--- Data extract ---
========================================================================

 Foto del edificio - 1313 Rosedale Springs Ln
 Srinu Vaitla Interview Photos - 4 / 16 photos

========================================================================

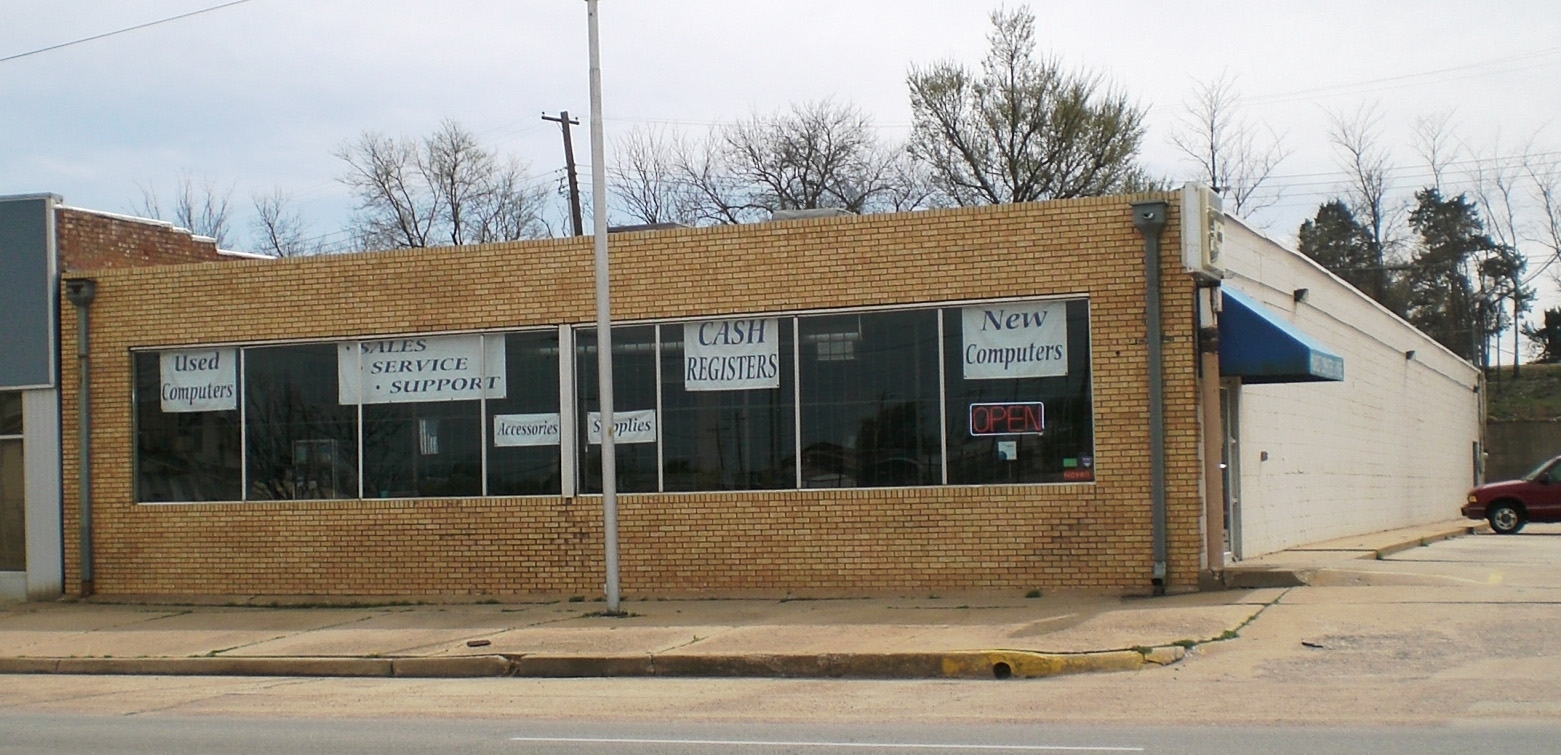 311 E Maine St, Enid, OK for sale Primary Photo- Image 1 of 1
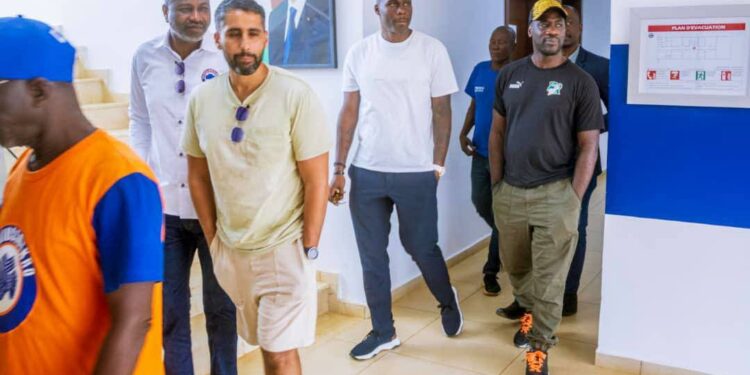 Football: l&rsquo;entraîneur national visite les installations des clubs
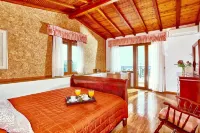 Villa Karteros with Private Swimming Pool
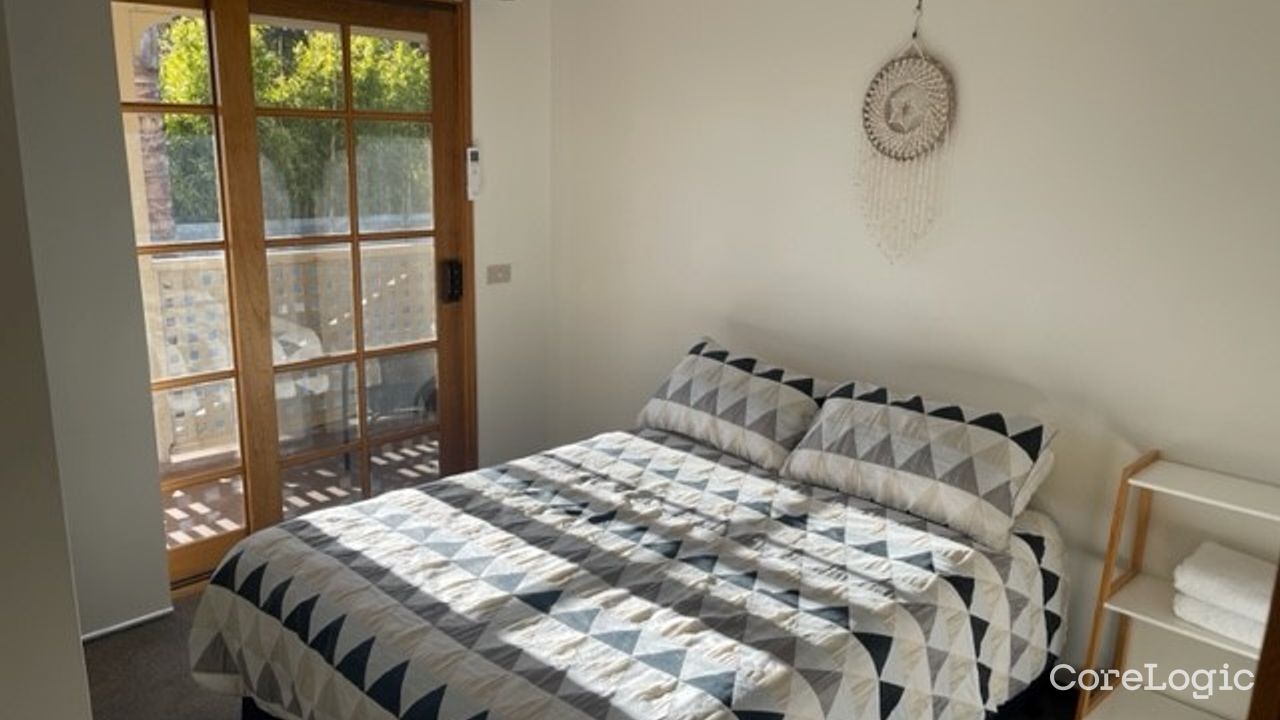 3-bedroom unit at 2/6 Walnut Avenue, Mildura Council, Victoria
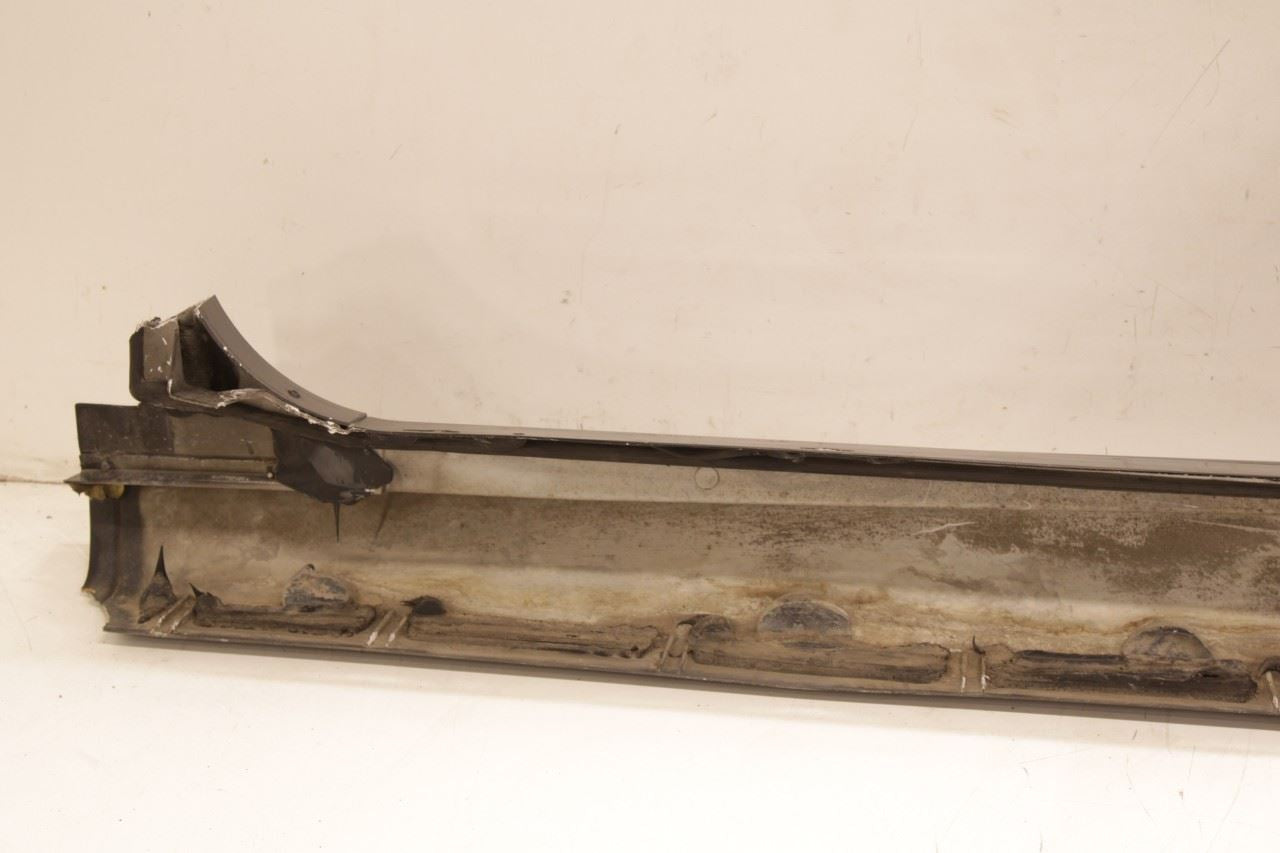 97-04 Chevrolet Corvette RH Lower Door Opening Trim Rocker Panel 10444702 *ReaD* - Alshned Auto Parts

========================================================================

--- Prompt ---
Range to copy from the records above: the line containing "3-bedroom unit at" to the line containing "97-04 Chevrolet Corvette", both included. Output those lines exactly and only those, skipping pictures.

--- Problem solution ---
 3-bedroom unit at 2/6 Walnut Avenue, Mildura Council, Victoria
 97-04 Chevrolet Corvette RH Lower Door Opening Trim Rocker Panel 10444702 *ReaD* - Alshned Auto Parts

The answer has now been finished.